Somehow it seems fitting that I’ve chosen to write the first entry on this new blog about Micheal Kerens and his book “Blogosphere: The New Political Arena
“. I will state at the outset I have not read the book, nor am I likely to. I did locate and read this piece of drek published in the Canadian Journal of Communication in 2004. I suspect that this ‘essay’ formed the basis of his approach to the book.
The book projects the message that bloggers are:
“Bloggers think of themselves as rebels against mainstream society, but that rebellion is mostly confined to cyberspace, which makes blogging as melancholic and illusionary as Don Quixote tilting at windmills…” — Globe & Mail, Jan. 31, 2007
The problem with general statements like that is they come up to bite some. Not all bloggers consider themselves to be rebels against anything. Many consider themselves to be pursuing an outlet for their thoughts and willingness to share them. Not unlike academics who spew forth what they consider to be intellectual wisdom.
In the essay reference above the author shows himself to have an ill-formed approach to ‘understanding’ blogging. He acknowledges that the very nature of the beast makes it difficult to attempt to analyze blogging based on traditional criteria:
During the 2003 annual meeting of the Association of Internet Studies (when some of the first fruits of communication research on blogging were presented), it became immediately apparent how careful one has to be in applying traditional research methods to this new medium. Standard attempts to generalize about blogs on the basis of random sampling turned out to be quite inappropriate in the absence of a clear, stable, finite universe of blogs to be sampled.
See, he has a bit of a clue here. The nature of blogs and blogging is so widely diverse it is pretty much impossible to form general statements:
Communication studies in which traditional sampling techniques are used to make general statements about the gender or socioeconomic composure of bloggers are therefore misleading.
He’s figured out his problem here, he requires new methods of analysis if he’s going to come to understand this subject. He may have to actually think instead of using tried and true methods. That is going to be tough. So he solves the problem:
While research on such subjects as the politics of newspapers deals with individuals and institutions whose identity can, in principle, be traced, we know little about the producers of blogs besides their nicknames. The person presented in the diary may be in part or in full a fictional character and for all practical purposes, ought to be treated as such. Therefore, any statement about the nature and politics of blogging does not necessarily apply to an identifiable group of off-line actors.

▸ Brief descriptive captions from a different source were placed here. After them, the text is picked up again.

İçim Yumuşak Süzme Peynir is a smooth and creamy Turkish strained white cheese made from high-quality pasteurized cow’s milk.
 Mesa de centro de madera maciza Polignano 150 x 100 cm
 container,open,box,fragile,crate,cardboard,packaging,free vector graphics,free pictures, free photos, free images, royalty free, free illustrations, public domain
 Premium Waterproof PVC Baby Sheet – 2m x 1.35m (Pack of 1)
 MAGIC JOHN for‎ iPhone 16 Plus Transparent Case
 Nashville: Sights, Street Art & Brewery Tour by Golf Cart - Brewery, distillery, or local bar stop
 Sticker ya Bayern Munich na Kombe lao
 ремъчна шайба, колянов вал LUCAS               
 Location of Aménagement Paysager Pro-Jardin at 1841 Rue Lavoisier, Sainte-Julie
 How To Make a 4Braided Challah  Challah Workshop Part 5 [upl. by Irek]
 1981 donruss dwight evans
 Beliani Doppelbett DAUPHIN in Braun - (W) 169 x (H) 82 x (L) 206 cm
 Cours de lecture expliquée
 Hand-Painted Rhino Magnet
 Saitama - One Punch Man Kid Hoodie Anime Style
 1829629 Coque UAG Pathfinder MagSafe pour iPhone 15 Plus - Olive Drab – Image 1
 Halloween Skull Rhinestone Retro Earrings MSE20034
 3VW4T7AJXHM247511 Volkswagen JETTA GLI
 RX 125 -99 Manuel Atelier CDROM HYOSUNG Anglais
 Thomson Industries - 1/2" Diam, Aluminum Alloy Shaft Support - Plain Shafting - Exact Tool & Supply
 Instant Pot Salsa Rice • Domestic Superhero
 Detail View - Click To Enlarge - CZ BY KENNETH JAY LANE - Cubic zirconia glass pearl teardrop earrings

There, he now has his hypothesis and methodology. He just turned millions of bloggers into fictional characters and their writing to be viewed as such. He then goes on to apply his methodology in an analysis of several years of archives of Jason Kottke’s Kottke.org. Once you understand that Keren doesn’t seen Kottke (or by extension me or you) as a real person, you can then see the weird ivory tower humour in his analysis.
A quick search on some blogs revealed that others took him and his theory just about as seriously… with some exceptions of course.
Rea over at a Brown Bag Blog: Project much? was somewhat bemused and then proceeded to skewer Kerean. After all, academics and bloggers have a lot in common, we just don’t use the big words.
Over at Bub and Pie: Lonely Hearts Club the writer has a few ideas that Keren likely should have understood before taking his approach but then the writer likely isn’t in the ivory tower and is not worthy to be heard.
Barbara at the Bad Tempered Zombie took a bit more of a serious approach in responding to Keren as did those who were commenting on her entry.
Schmutzie over at Schmutzie’s Milkmoney or Not, Here I Come well he’s got it right, you just don’t fight the ivory tower, you just reframe your life and perceptions based on what the academic has told you… resistance is futile.
The most well stated headline has got to go to Adam at One Man & His Blog — Academic Jumps on Blogging Bandwagon. Misses — he makes a good point when he points out that you know something is becoming important when academics start producing half-baked reports.
Finally, the shortest and to the point post has to go to Eugene at LE REVUE GAUCHE - Left Analysis And Comment: Lonely Academic . Well put Eugene
Keren can’t be too completely out to lunch or his publicist isn’t. By getting his message out to the mainstream media he can then get noticed by the fictional blogging world and get some buzz going, but I do hope he realizes that isn’t real. So that unreal buzz might not help to lift his book sales. He’s currently sitting in the 695,000 range in sales at Amazon.com and 224,000 at Amazon.ca.
Poor guy, he must have been feeling like Father McKenzie.